We can only speculate as to why the authors in [4] have chosen the wrong space group $P\overline{1}$ despite the enantiopure synthesis. The most probable reason is the use of automatic software packages for X-ray crystal structure determination. They are available as components of automated diffractometers or as stand-alone programs, and their purpose is to simplify routine tasks, also for the non-specialist. Traditionally, the first step of the structure analysis is the determination of the space group. This is based on systematic absences. In the case of ambiguities and in the triclinic crystal system without systematic absences, statistical methods for the intensity distributions can be applied. Both the $|E^2-1|$ and the $N\left(Z\right)$ statistics strongly indicate a centrosymmetric space group (Figures S11 and S12 in the Supplementary Materials). Consequently, space group routines in PLATON [8] or in the XPREP software [30] will give the highest probability to space group $P\overline{1}$. (Both programs only give a proposal for the space group, and the user needs to decide. The XPREP software has the possibility to restrict the search to Sohncke space groups.) A more modern approach is to solve the phase problem with dual-space methods in space group $P1$ without symmetry information. The space group is then determined from the results.
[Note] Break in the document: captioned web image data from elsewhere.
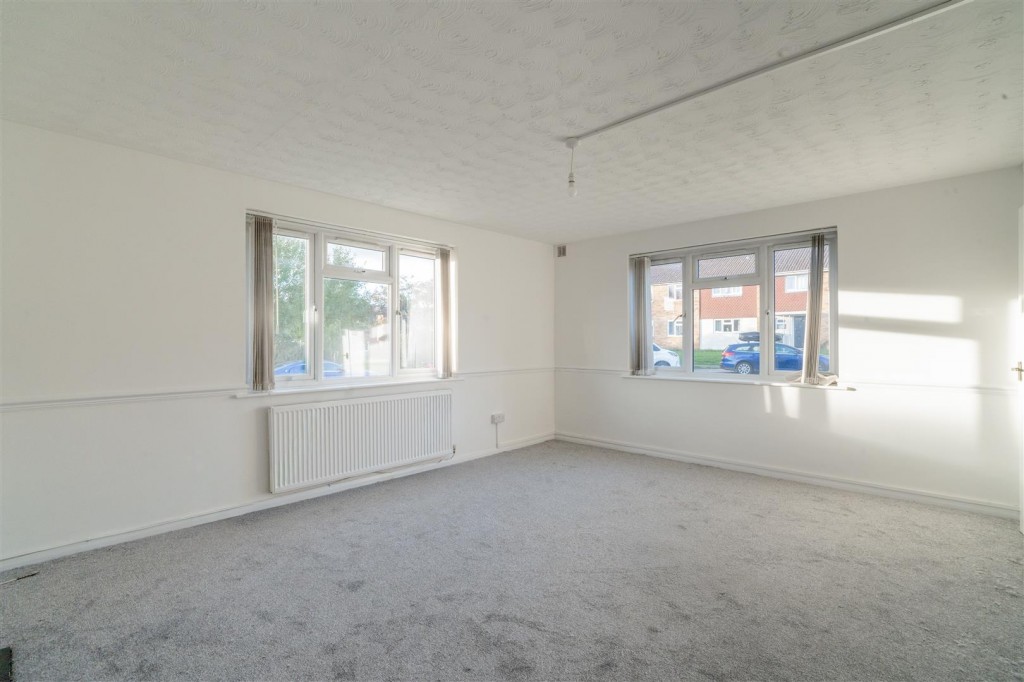 Image for Salamanca Road, Cheltenham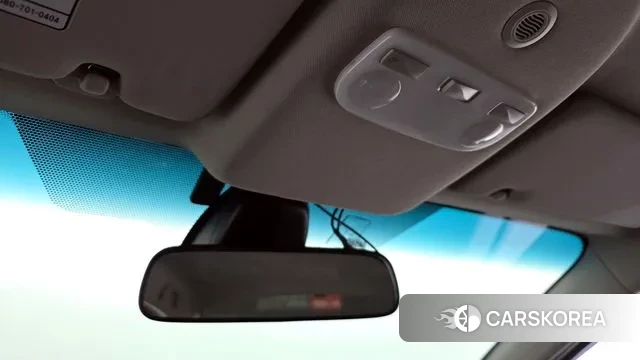 Renault Korea (Samsung) SM3 Z.E. id 3479269 из Кореи 10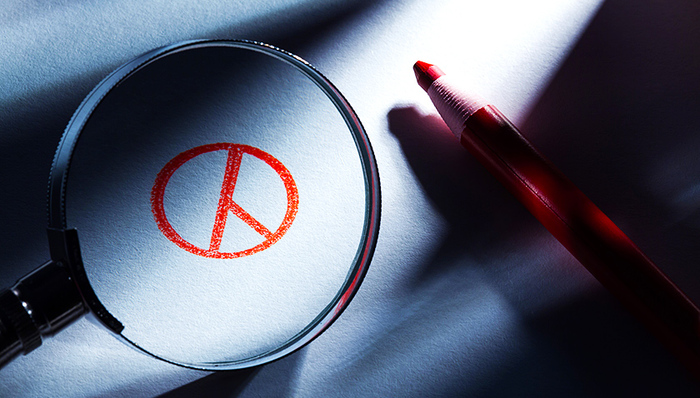 辽宁省,人大代表,贿选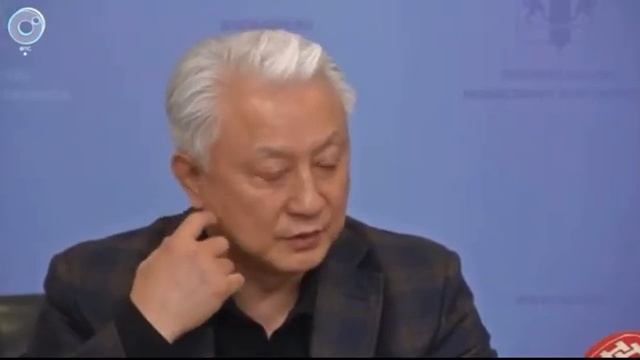 ОТС - Кубок Успеха 2021 смотреть онлайн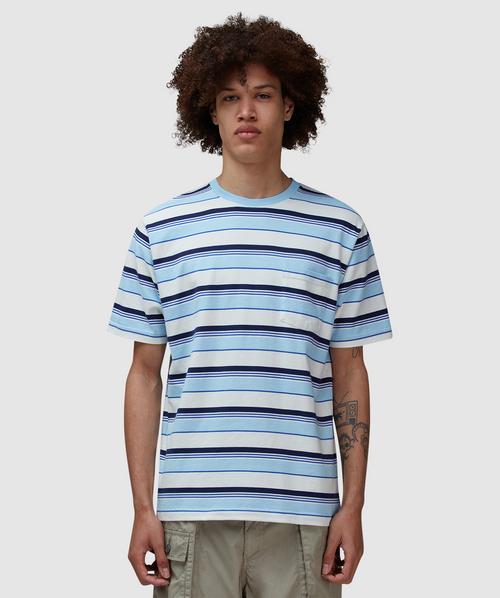 BEAMS PLUS | Apparel & Accesspries | SEVENSTORE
The module Flip in PLATON [8] is an implementation of the charge flipping algorithm [31]. PLATON assigns atoms to the structure solution and then uses ADDSYM to find the space group. The automatic result is $P\overline{1}$. Another implementation of the charge flipping method is in the SUPERFLIP software [32]. Here, the symmetry is derived from the electron density and gives symmetry agreement factors for 1a and 1b, indicating a very good agreement with $P\overline{1}$. (The manual of SUPERFLIP has an explicit warning that it is impossible to determine the correct agreement factor for all situations automatically.) The intrinsic phasing approach in SHELXT [33] solves the phase problem by dual-space iterations. The space group is then determined from the phase relationships of the structure factors. Table S4 in the Supplementary Materials gives the output of SHELXT with acceptable agreement factors for both space groups $P1$ and $P\overline{1}$. It is then the decision of the user if the quality difference is significant enough to choose the lower symmetry.

4. Conclusions

In this study, the compound $\left[Zn\left(Nal\right){\left(DACH\right)}_2\right]Cl$ has been re-synthesized and the identity with structure AYAT from [4] has been proven. The wrong space group of $P\overline{1}$ for AYAT has been changed to the correct space group $P1$ for 1a and 1b. The latter is a Sohncke space group and thus compatible with the enantiopure starting material. With this correction, the originally severely disordered structure in AYAT becomes well ordered in 1a and 1b. This allows a detailed analysis of intra- and intermolecular geometries of the metal complex. The crystal structures 1a and 1b contain one-dimensional solvent channels for which an appropriate disorder model was found. The current report is a warning to remain critical when automatic crystallographic software is used. Software authors invest a lot of effort, but the final responsibility is with the program users. The training of chemists in this respect is essential [34]. This report is also a reminder to reviewers and journal editors that the space group choice is not a minor side issue but essential for the correct structure description.